**TASK TO CARRY OUT**
When you set down the entries, keep every word exactly as it is but drop the pictures.

**EXTRACTED MATERIAL**
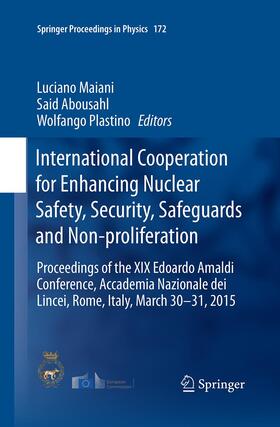 Maiani / Plastino / Abousahl |  International Cooperation for Enhancing Nuclear Safety, Security, Safeguards and Non-proliferation | Buch |  Sack Fachmedien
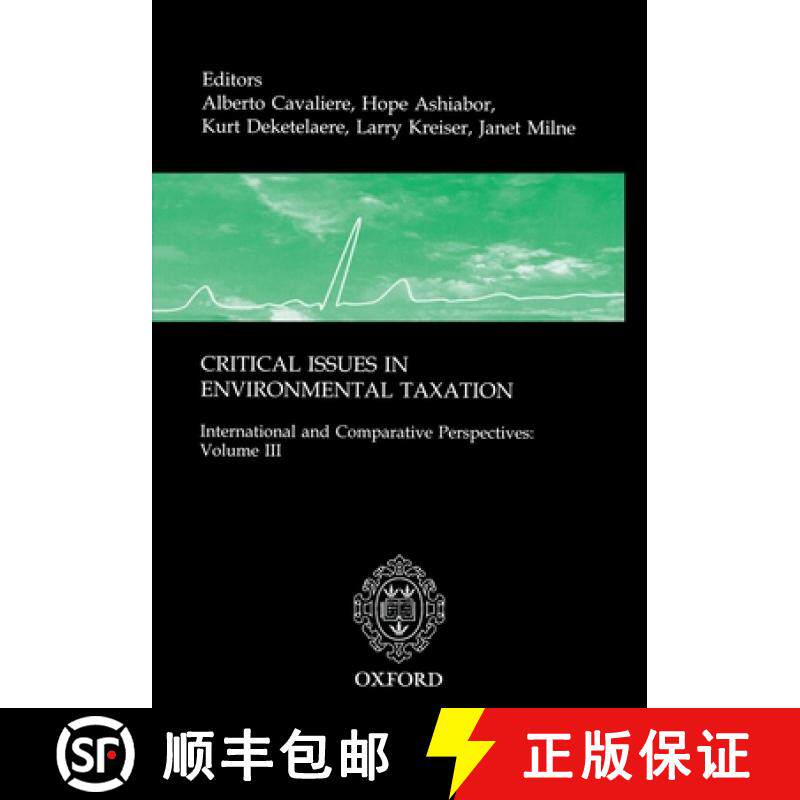 【3-4周达】Critical Issues in Environmental Taxation: Volume III: International and Comparative Persp... [9781904501848]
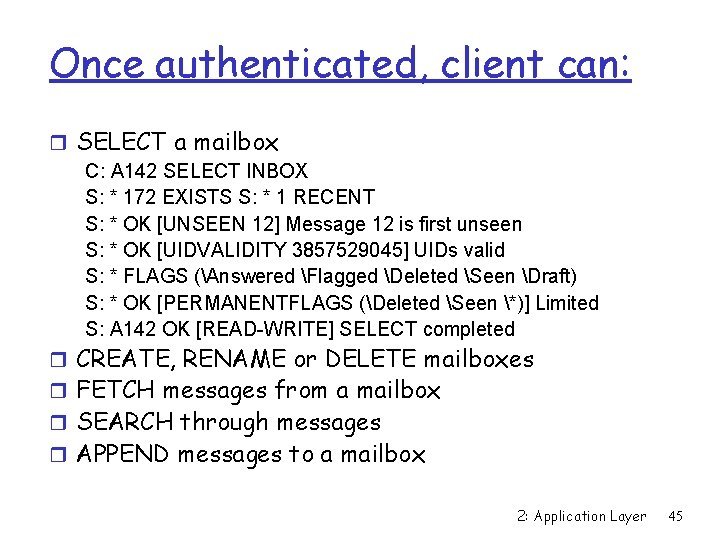 Once authenticated, client can: r SELECT a mailbox C: A 142 SELECT INBOX S:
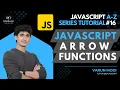 Arrow functions in JavaScript JavaScript A-Z Tutorial Series DiVaScript Varun Modi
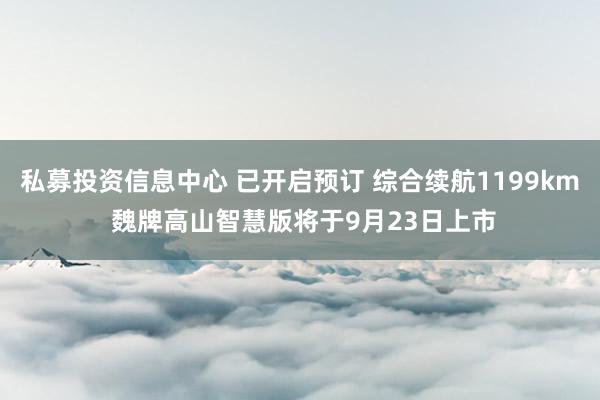 私募投资信息中心 已开启预订 综合续航1199km 魏牌高山智慧版将于9月23日上市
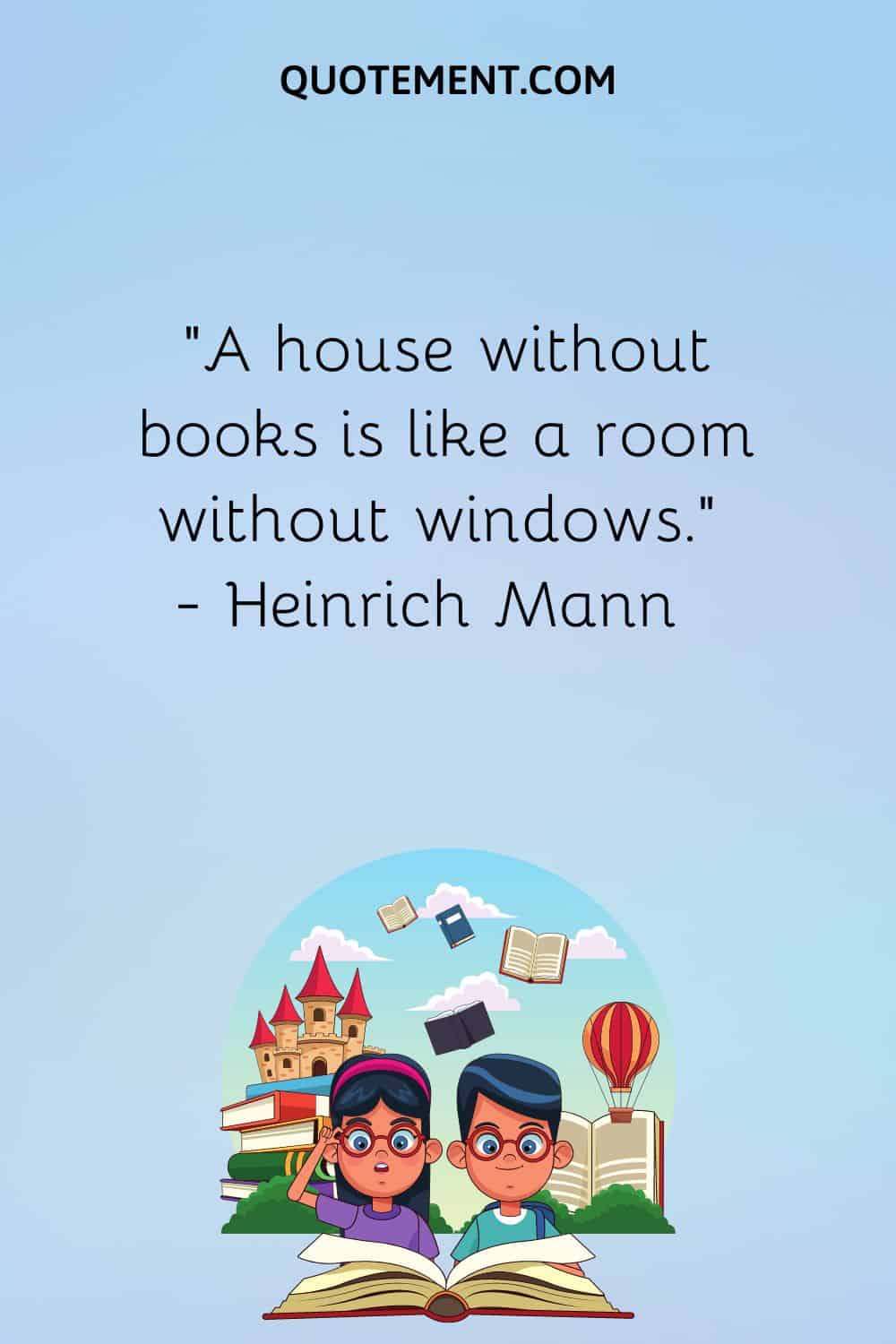 “A house without books is like a room without windows.” — Heinrich Mann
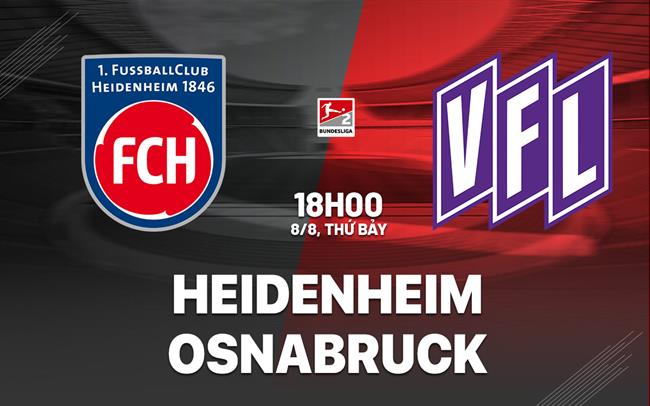 Nhận định bóng đá Heidenheim vs Osnabruck 18h00 ngày 8/8 (Hạng 2 Đức 2026/27)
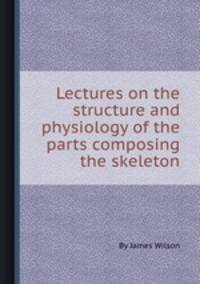 Lectures on the structure and physiology of the parts composing the skeleton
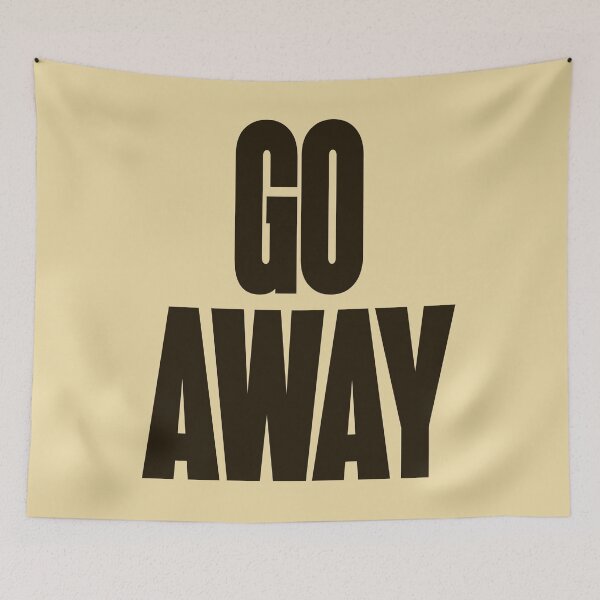 Item preview, Go Away designed and sold by HappySchnapper.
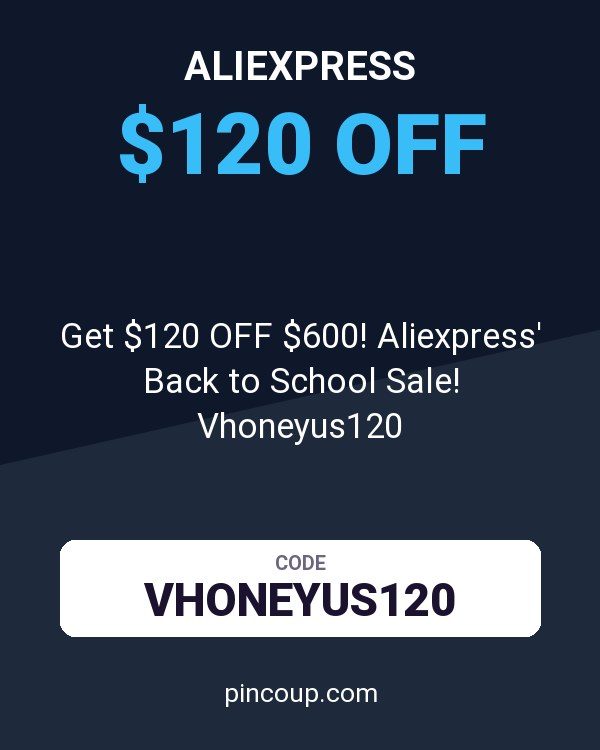 Get $120 OFF $600! Aliexpress' Back to School Sale! Vhoneyus120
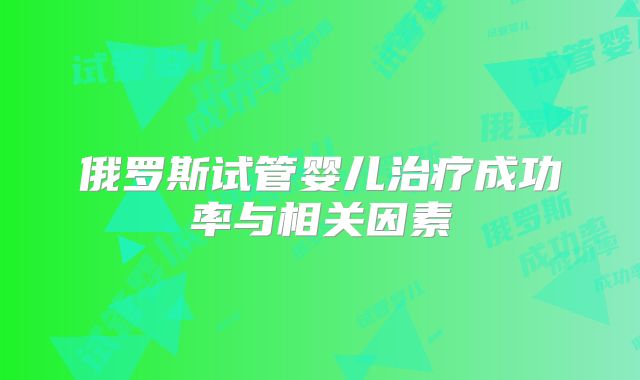 俄罗斯试管婴儿治疗成功率与相关因素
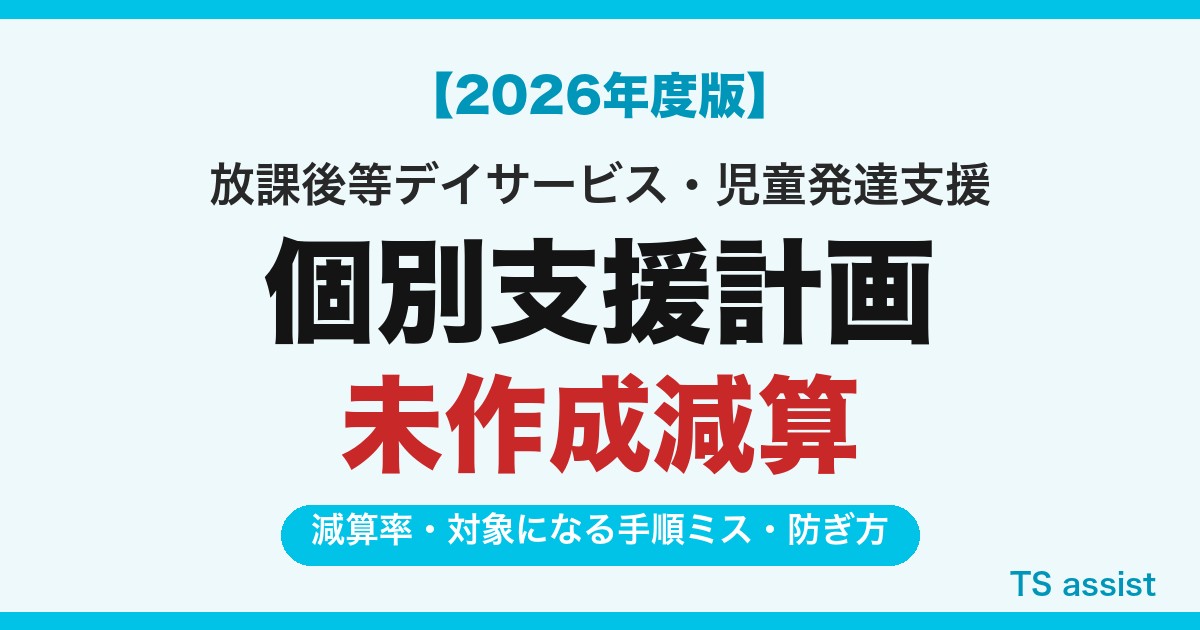 【2026年度版】個別支援計画未作成減算 減算率・対象になる手順ミス・防ぎ方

**THE ANSWER**
 Maiani / Plastino / Abousahl |  International Cooperation for Enhancing Nuclear Safety, Security, Safeguards and Non-proliferation | Buch |  Sack Fachmedien
 【3-4周达】Critical Issues in Environmental Taxation: Volume III: International and Comparative Persp... [9781904501848]
 Once authenticated, client can: r SELECT a mailbox C: A 142 SELECT INBOX S:
 Arrow functions in JavaScript JavaScript A-Z Tutorial Series DiVaScript Varun Modi
 私募投资信息中心 已开启预订 综合续航1199km 魏牌高山智慧版将于9月23日上市
 “A house without books is like a room without windows.” — Heinrich Mann
 Nhận định bóng đá Heidenheim vs Osnabruck 18h00 ngày 8/8 (Hạng 2 Đức 2026/27)
 Lectures on the structure and physiology of the parts composing the skeleton
 Item preview, Go Away designed and sold by HappySchnapper.
 Get $120 OFF $600! Aliexpress' Back to School Sale! Vhoneyus120
 俄罗斯试管婴儿治疗成功率与相关因素
 【2026年度版】個別支援計画未作成減算 減算率・対象になる手順ミス・防ぎ方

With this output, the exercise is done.